En effet, dans le Masnavi (Rûmî, 2004) où il est possible de découvrir une dialectique entre la parole et le silence, ce dernier devient un élément du langage et de ce fait, l’un des fondements nécessaires à la production du sens. Ce que nous avons l’intention de montrer, c’est que le silence parle, produit du sens et signifie, jouant ainsi un rôle crucial dans les stratégies discursives chez Rûmî.

La problématique liée à notre étude s’inscrit dans une réflexion sur la fonction sémiotique du silence dans le Masnavi (Rûmî, 2004) de Rûmî et ce, en nous appuyant principalement sur la sémiotique peircienne. Nous essayons de détacher le silence de l’idée du néant et de le réhabiliter en tant qu’une instance fondatrice du discours, surtout pour un Rûmî dont l’œuvre met constamment l’accent sur le rapport entre la parole et le silence. Nous chercherons à répondre aux questions suivantes: Qu’est-ce que le silence en tant que tel et quel est son rôle dans le mysticisme iranien? Comment procède-t-il en tant que signe linguistique? Quelle est sa place et sa fonctionnalité dans le Masnavi (2004) de Rûmî et quel sens il induit? Nous allons observer que chez Rûmî, le silence n’est pas une absence mais une présence réitérée dans la méditation, la présence de l’être humain orienté à l’écoute de Dieu. Bref, cette étude a donc pour objectif de vérifier le silence dans le Masnavi (Rûmî, 2004) afin de mettre au clair les sèmes et les signes qui y sont corrélés. Aussi, bien qu’il soit difficile d’analyser l’intégralité du Masnavi (Rûmî, 2004) dans les limites d’un article, nous avons choisi de ne pas restreindre notre corpus à un ou deux livres. Cette approche nous permet de disposer d’une plus grande liberté dans la sélection et l’analyse des passages pertinents.

Ainsi, après avoir présenté un bref historique de la place et du fonctionnement du silence, nous présenterons Rûmî et son œuvre, surtout le Masnavi (2004), l’ouvrage dans lequel nous avons l’intention d’étudier les fonctions sémiotiques du silence. Le choix d’aborder le silence du point de vue sémiotique, surtout dans l’œuvre de Rûmî, repose sur une volonté de comprendre les processus de signification dans cet ouvrage imposant. Il s’agit donc de comprendre comment le silence se forme et signifie dans des situations particulières et en fonction des modalités sémiotiques spécifiques.

 

La revue de la littérature

Faisant partie de la culture et de la littérature persane, l’œuvre de Rûmî ne se démode jamais. Nul ne peut nier l’impact de ce poète sur la littérature et les études littéraires, et cela, même à l’échelle mondiale [1]. Etant donné le nombre de recherches qui ont été effectuées sur cette œuvre, nous ne retenons, dans le cadre limité de cet article, que celles dont le sujet s’approche du nôtre [2].

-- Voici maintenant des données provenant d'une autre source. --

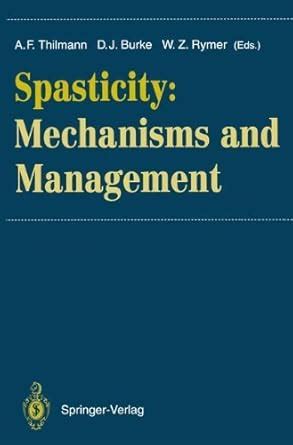 Spasticity: Mechanisms and Management eBook : Thilmann, Alfred F ...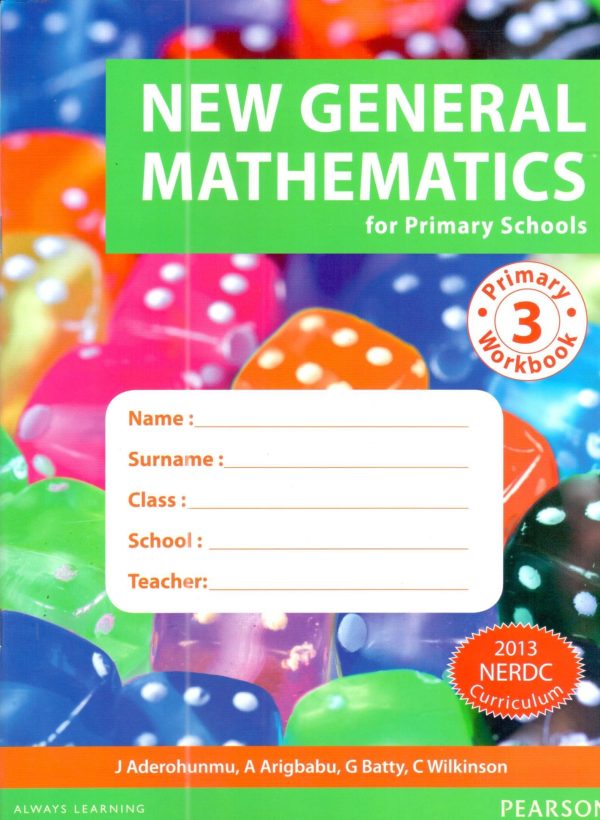 PEARSON NIGERIA New General Mathematics for Primary Workbook 3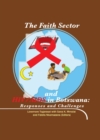 The Faith Sector and HIV/AIDS in Botswana : Responses and Challenges - eBook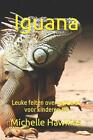 Iguana: Leuke Feiten Over Reptielen Voor Kinderen #9 By Michelle Hawkins Paperba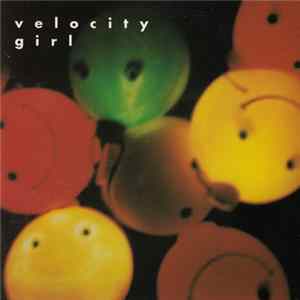 Velocity Girl - Crazy Town mp3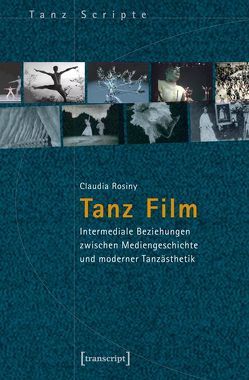 Tanz Film von Rosiny,  Claudia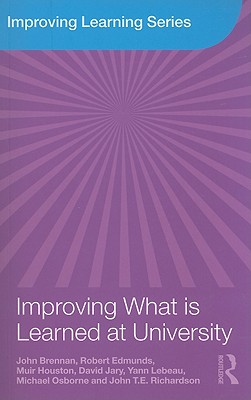 Improving What is Learned at University (Improving Learning)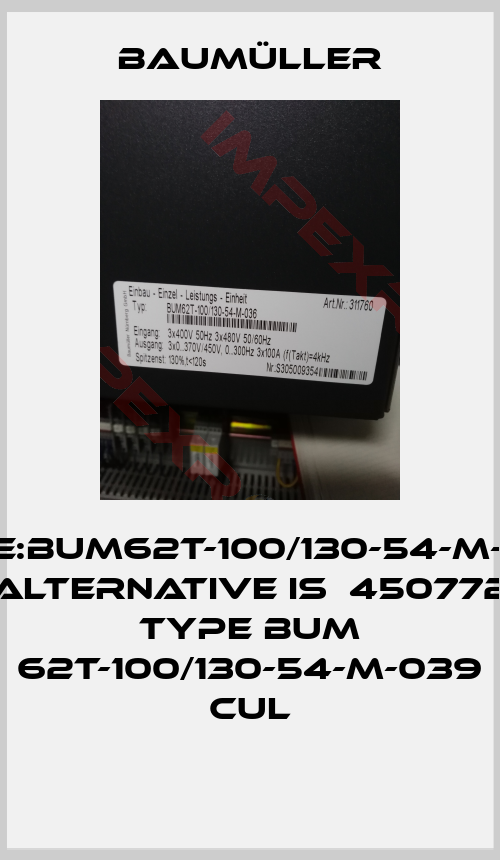 Baumüller-Type:BUM62T-100/130-54-M-036, alternative is  450772 Type BUM 62T-100/130-54-M-039 CUL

Parmi les études ayant pour objet de réfléchir sur la place du silence dans la pensée et l’œuvre de Rûmî, nous pouvons considérer le livre intitulé Aïneyé Djân (Le miroir de l’âme) écrit par Arash Narâqi (2017) qui renferme une série d’articles concernant les états d’âme et la réflexion de ce poète perse. Dans la troisième et quatrième partie du livre, intitulées respectivement «La voix de la flûte» et «Le silence silencieux», l’auteur a abordé le silence dans le mysticisme de Rûmî en traçant un processus de l’avènement du silence dans la vie et l’œuvre de ce poète. Dans le quatrième chapitre, l’auteur a analysé le silence de deux angles: d’abord, du point de vue d’un disciple (Sâlek) qui se purifie et se perfectionne en s’apprêtant aux niveaux supérieurs de la dévotion. Dans le domaine de ce type de silence, l’auteur de ce livre énumère des typologies du silence telles que le silence moral, le silence didactique et le silence de la discrétion. Ensuite intervient le silence mystique qui est le fruit du premier et qui rapproche le mystique de sa destination qui est l’union avec l’instance divine et dont se sont découlés Le Masnavi (2004) et Les Odes mystiques (Divân-é Kabir ou Divân-é Shams-é Tabrizi)[3] (2021). Ainsi, le silence étudié dans cet ouvrage est présenté, dans un premier temps, comme épistémique, puis dans un deuxième temps, comme le silence d’amour (mystique) et finalement, comme l’étape supérieure du silence, à savoir le silence de l’annihilation.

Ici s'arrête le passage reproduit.